Güncelliğini asla yitirmeyen bir sorudur bu? Geçen gün izlediğim bir haberde bir kez daha hortladığını gördüm bu sorunun. "Kıyafetime karışma veya ne giyeceğime kim ne karışır?" sloganları atarak yürüdü çoğunluğu cins-i latifler yani hanımefendi insanlar... Kısa pantolonları ve şortları ellerinde sallayarak... "O parkta, bir güvenlik görevlisinin bu kıyafetle dolaşmayın" dediği genç kıza destek amaçlı yürüyüştü bu.

Kızın ne giydiği önemli mi? Zannetmiyorum deyip geçebilirsiniz ya da merak edip google de aratabilir, nasıl bir kıyafet olduğunu görebilirsiniz. Açık bir kıyafet giymişse uyarıyı yapana karşı tutumunuz farklı olur, kapalı bir bayana bu uyarı yapılmışsa düşünceniz daha bir farklı olur, sanırım.

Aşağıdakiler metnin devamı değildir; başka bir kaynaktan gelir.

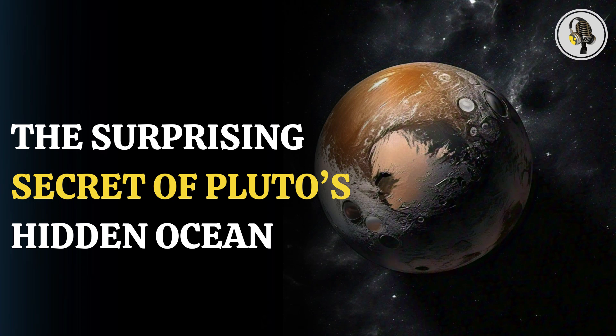Welcome to our podcast, where we explore fascinating stories and ideas from various fields. In this episode, we explore how Pluto may not be a true planet, yet it hides a mysterious ocean beneath its surface. Pluto's secrets are being unraveled.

Lakin bu, ellerindeki kısa pantolon ve şortları sallayarak nümayiş yapan kalabalıktan bile nasıl bir olayla karşı karşıya kaldığınızı öngörebilirsiniz. Zira bu tür sloganları atanlar başörtüsü için yürüyecek değiller ya... (tarihsel bir önyargı) "Neden bu kadar sert bir tepki ortaya konuyor?" diye merak etmiyorum bir zamanlar başörtüsü için uzun zincirler oluşturan insanlardan biri olarak.

Biz, bizim kıyafetimiz için, onlar da kendi tercih ettikleri kıyafet için bu mücadeleyi vereceklerdir demek doğru olmaz, biliyorum. Fakat olayların ardına bakınca "herkes kendi yaşam tarzını savunuyor" demenin doğruluğunu derinden hissediyorum.

Yaşam tarzının vitrini olan kıyafetlerimize kimse karışamaz. İstediğimizi giyeriz ya da istersek giyinmeyiz... Tabi herkesin kendi bileceği bir iştir, biz karışamayız. Niye karışalım ki, niçin karışırız ki, ne hali varsa görsün, öyle değil mi?

Bir kez başıma geldi. Tatlı bir üslup ile uyarmaya çalışmıştım. Sözlükten titizlikle seçtiğim o nazik kelimelerimi öyle hoyratça değiştirdiler ve yüzüme çarptılar ki acımasızlığın dibini görmüş oldum. Manen linç edilmekten kıl payı kurtuldum belki de. Tecrübeyle sabittir ki kıyafetlere laf demeye gelmiyor?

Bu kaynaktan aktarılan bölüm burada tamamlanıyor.